Published 2013-12-01.
Last modified 2019-08-12.
Time to read: 5 minutes.
Jupyter is a novel way to combine documentation with live code, which might run on powerful distributed systems like Apache Spark, Flink and Scalding. The Jupyter Notebook is a web application that allows you to create and share documents that contain live code, equations, visualizations and explanatory text. This open source project supports interactive data science and scientific computing with over 40 programming languages. Notebooks can be shared with others using email, Dropbox, GitHub and the Jupyter Notebook Viewer. Although Jupyter has its roots in big data, Jupyter is generally useful for all computing needs.
This lecture starts with instructions for installing Jupyter on Mac and Ubuntu. This lecture then demonstrates how to install and work with the Almond Scala kernel for Jupyter, so students can use Scala with the Jupyter Notebook as well as the more traditional console REPL. The information provided is also largely applicable to JupyterHub, a multi-user server for Jupyter notebooks.
The Almond Scala kernel is useful for experimenting with code examples, documenting them and sharing them. This kernel provides support for various big data frameworks to be added on demand to Jupyter. From the docs.
- all the Ammonite niceties
- an API that libraries can rely on to interact with Jupyter front-ends
- extensible plotting support
- extensible support for big data libraries
- Spark support, relying on ammonite-spark, extended to get progress bars among others.
It also provides libraries allowing one to write custom Jupyter kernels in Scala.
Almond is not tied to a specific version of big data frameworks. On 2019-08-13 Almond was available for Scala 2.11, 2.12 and 2.13; Scala 2.11 support will be dropped soon. Several versions of Almond can be installed side-by-side, so one notebook can support a certain version of Spark, and another notebook running simultaneously can support another version of Spark.
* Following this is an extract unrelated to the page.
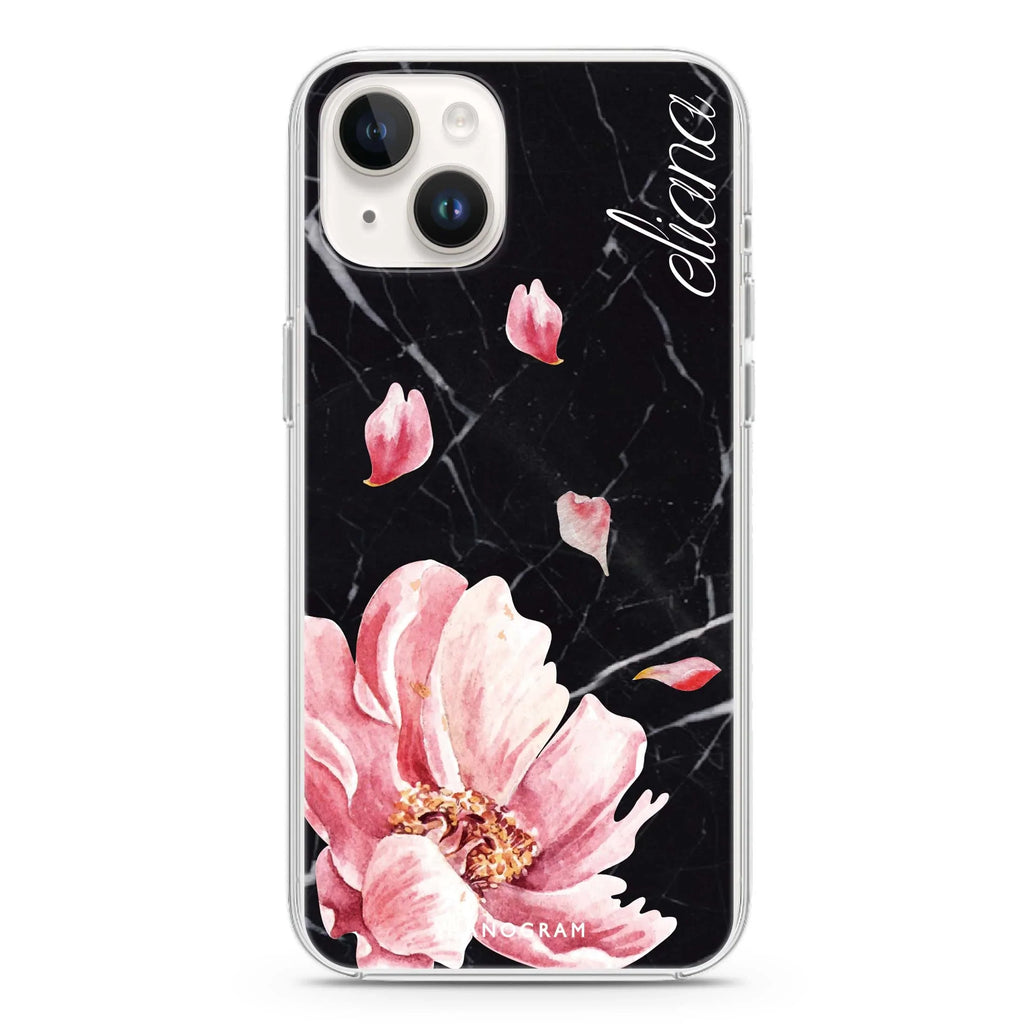 Black Marble & Floral iPhone 14 Magsafe 兼容水晶透明保護殼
In addition to supporting Jupyter’s browser-based Scala REPL, Almond also supports the more traditional Scala console REPL Ammonite, which we discussed in the Ammonite lecture.
There are several other notebook user interfaces and Jupyter kernels that support Scala. This lecture does not discuss them beyond just mentioning them here and providing links.
- Apache Zeppelin, a JVM-based alternative to Jupyter, with some support for Spark, Flink, and Scalding.
- Apache Toree (incubating, a Jupyter kernel with Spark support.
- IScala and ISpark, which added some Spark support. These projects have not been updated in several years and are should be considered dead.
- Bridgewater scala-notebook (this project also seems dead) and spark-notebook, which updated portions and added Spark support.
BTW, nbviewer.jupyter.org
is a popular sharing mechanism for Jupyter code examples.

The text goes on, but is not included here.